Thanks for any assistance.


----------



## Harold_V (Jul 18, 2007)

You may not have palladium at all. I suggest you secure at least a small amount of DMG----but use it strictly for testing----not for recovery of palladium. It produces so damned much precipitate that it's beyond a joke, and is very difficult to handle. The fact that it produces a huge amount of precipitate is exactly why it is the best test of all for the presence of Pd. It produces a brilliant yellow substance that is hard to miss, even when very scant. Hoke, in her book Refining Precious Metal Wastes, provides proper guidance for making the test solution.

I've commented before, but I'll do it again----DMG is also useful for determining the presence of nickel----it's a wonderful testing tool to have in your arsenal of supplies. 

Anyone that refines should become familiar with all of the metals one might encounter, even if they are not your objective. You may not care if they're there or not, but it's nice to know what is, to help in identifying unknown metals by eliminating those with which you are now familiar. 

The reaction you achieved may well not be Pd. Not saying it isn't, but minute traces of gold in a solution that is not well balanced, coupled with questionable stannous chloride, can yield strange results. A test with DMG would be very useful in this instance. 
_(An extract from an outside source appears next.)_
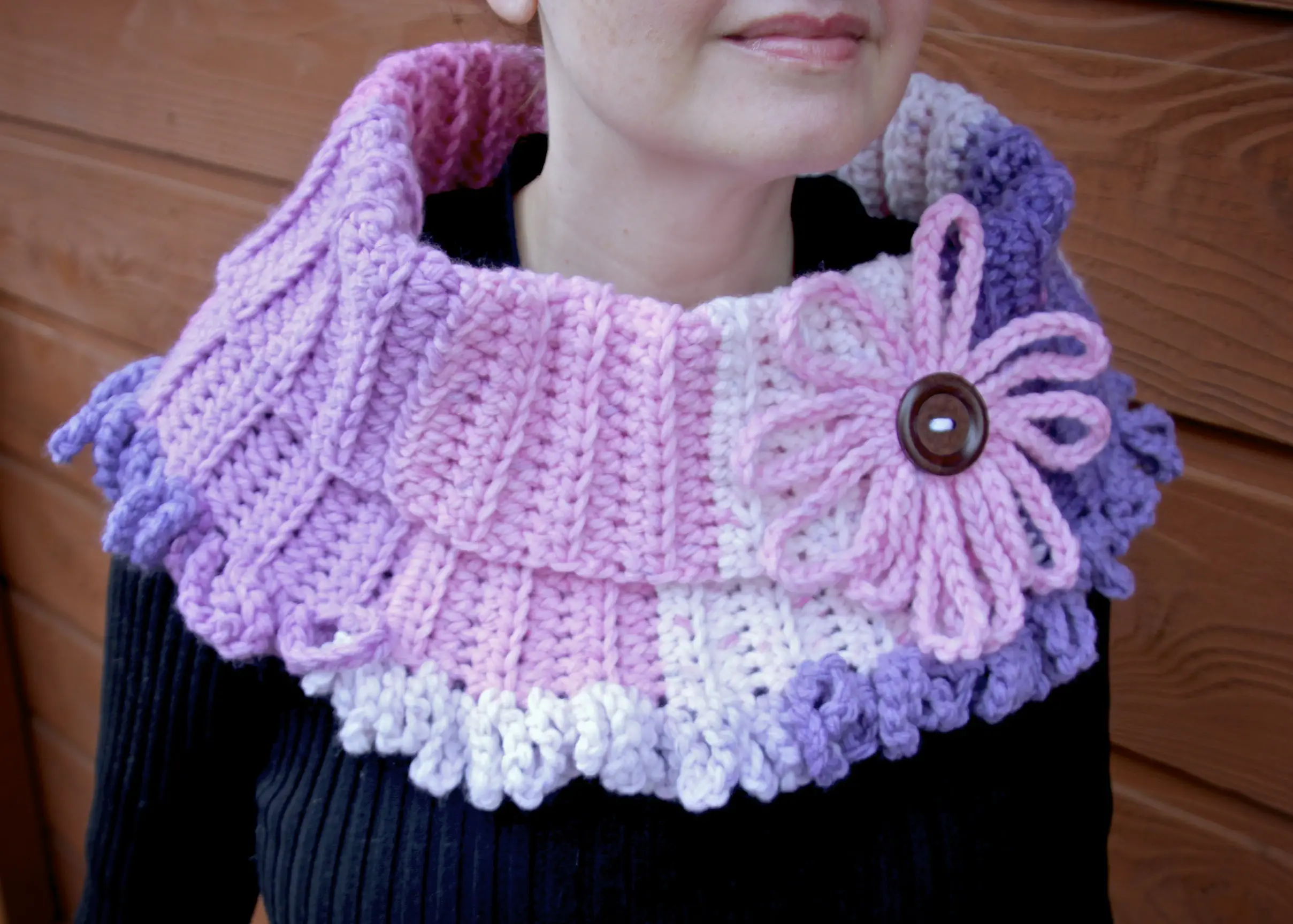Chains of Love Cowl Caron Chunky Cakes free pattern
One thing to consider: The platinum group will rarely precipitate from a solution in which it is not concentrated. If you had but traces of palladium, assuming you had any at all----your chance of recovering by conventional methods would not be good. You might consider recovering it with copper, which will selectively remove only metals of value, not the base metals you likely have in solution. You might also consider putting your relatively barren solution in a stock pot, where the values will be recovered on scrap steel, along with some of the base metals. By doing so, you'll concentrate the values from various solutions, with the possibility of recovering them when there is an abundance. They can be chemically processed, or you can run the residues in a furnace. 

Harold


----------



## Aristo (Jul 18, 2007)

Thanks for the comprehensive reply Harold.
I will get some DMG and see how that works out.
Would anyone be able to comment on the presence of PMG with regards to various ceramic CPUs?.


----------